Claims management considerations: The process of making a claim from a third party insurer can be an expensive, long and arduous process.

Through  a captive, the claims handling procedures can be directed by management, cutting down on the costs, delays and bureaucracy that are often a part of the claims handling procedures of commercial insurers.

Cash flow considerations: Aside from the pure underwriting profits, most insurers rely on investment returns and income. As you no doubt have realized insurance premiums are generally paid in advance while claims are paid out or realized over a much longer time period.

The time period leading up to the point when claims can become payable the premium is available for investment.

When operating a captive insurance company, premiums and investment income are retained within the group or company. Additionally, a captive insurance company may be able to offer a more variable or flexible premium payment schedule, often resulting in a direct cash flow advantage to the parent company over other market offerings or third party providers.

Risk retention considerations: In some cases, company’s become interested in retaining or taking more control of their own risk. Sometimes this is done by simply increasing third party insurance deductibles on various lines of coverage.

Interestingly, there is not always a direct correlation between increasing deductibles and lower premiums. Additionally, in this scenario there are obviously no reserves to pay future claims with respect to these coverage’s.

Unavailability of coverage considerations: Often the commercial insurance market is unwilling or simply unable to provide coverage for a variety of risks.

In other instances, the premium costs are clearly not economically viable either short or long term. In these cases, a captive insurance company may offer the necessary coverage with respect to these risks.

Risk management considerations: As is the case with many Fortune 500 companies, a Captive Insurance Company can be the cornerstone for the risk financing and risk management activities of its parent company.

Ultimately, a thoughtful and prudent risk management and financing plan should result in profits for the captive insurance company.

Furthermore, risk management can be viewed by a captive owner not as an expense, cost or drag but rather as a potentially robust channel for profitability over the long term.

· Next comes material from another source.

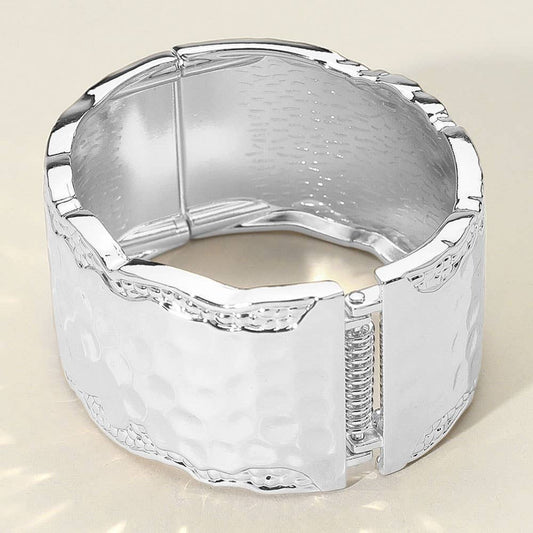 Hammered Metal Wide Hinged Bangle Bracelet: Rhodium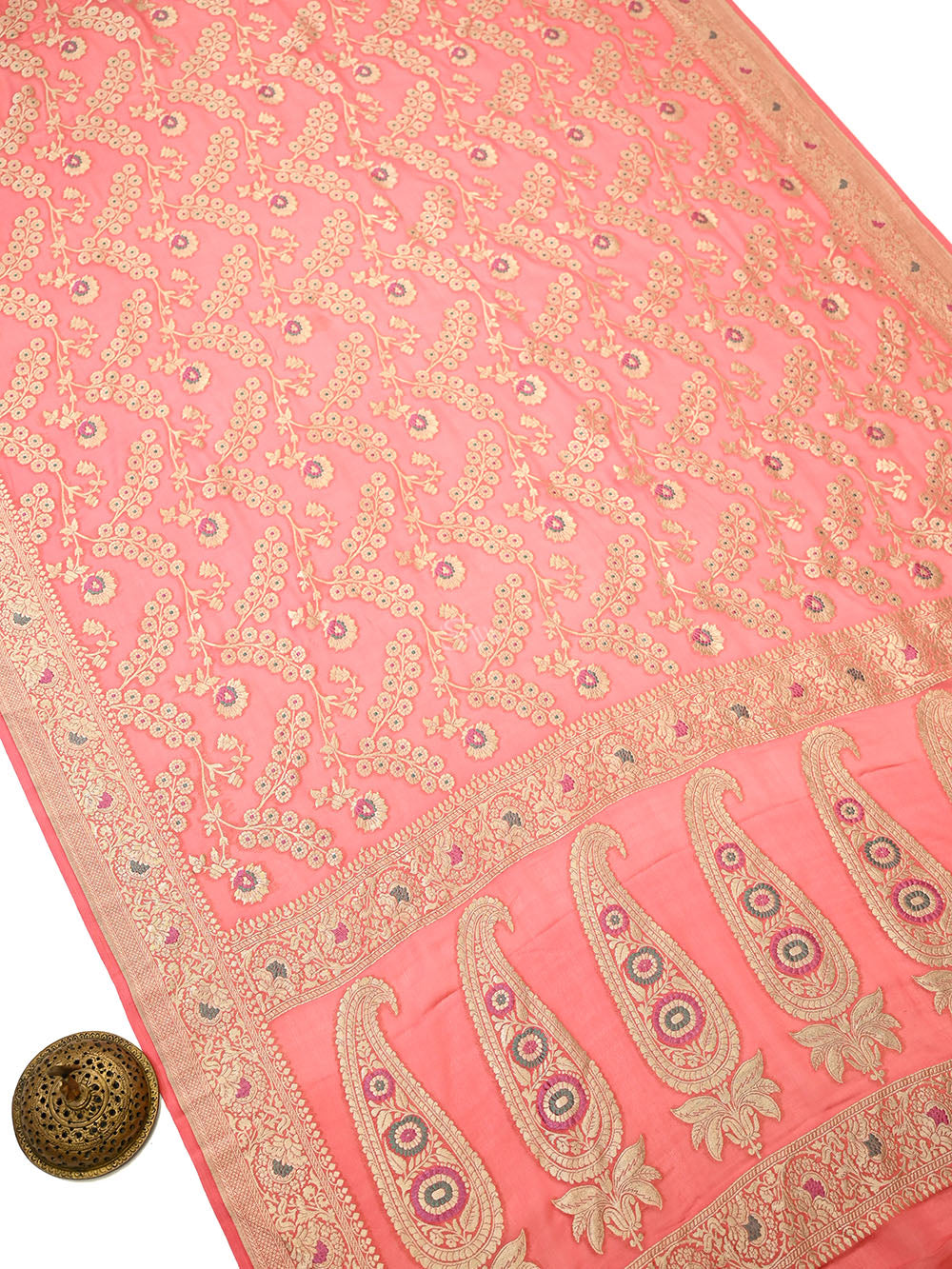Pastel Pink Meenakari Jaal Khaddi Georgette Handloom Banarasi Saree - Sacred Weaves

Access to the reinsurance market considerations:

As you know, reinsurers are the international low cost provider or wholesalers for the insurance world.

While operating with a substantially lower cost structure than a direct insurance company, a reinsurer is often able to provide coverage at highly advantageous rates.

When using a captive insurance company to access the reinsurance market the buyer can more easily determine his own risk retention levels and ultimately structure his business affairs on a customized basis with greater flexibility.

Writing unrelated risks for profit considerations:

Aside from underwriting its parent companies risks, a captive insurance company may very well operate as a separate business channel by underwriting the risks of third party companies.

More specifically, a company or organization may be interested in selling insurance coverage to its existing customers with respect to its core operating business.

For example, a distributor of industrial pumps, furniture, recordable media, hurricane shutters or automobiles may compliantly sell extended warranty coverage to customers with the risk being carried by the distributor’s captive insurance company along with reinsurance.

The historical claims blueprint for this type of business model is generally highly predictable with a significant number of smaller events, resulting in a meaningful source of revenue to the distributor or parent company.

Tax considerations:

Captive insurers must meet certain compliance issues such as “transfer of risk and distribution of risk” in order to be treated as an insurance company.

Without exception, the tax considerations in forming a captive insurance company should be contemplated in the context of a comprehensive tax plan with qualified professional tax and legal advisors.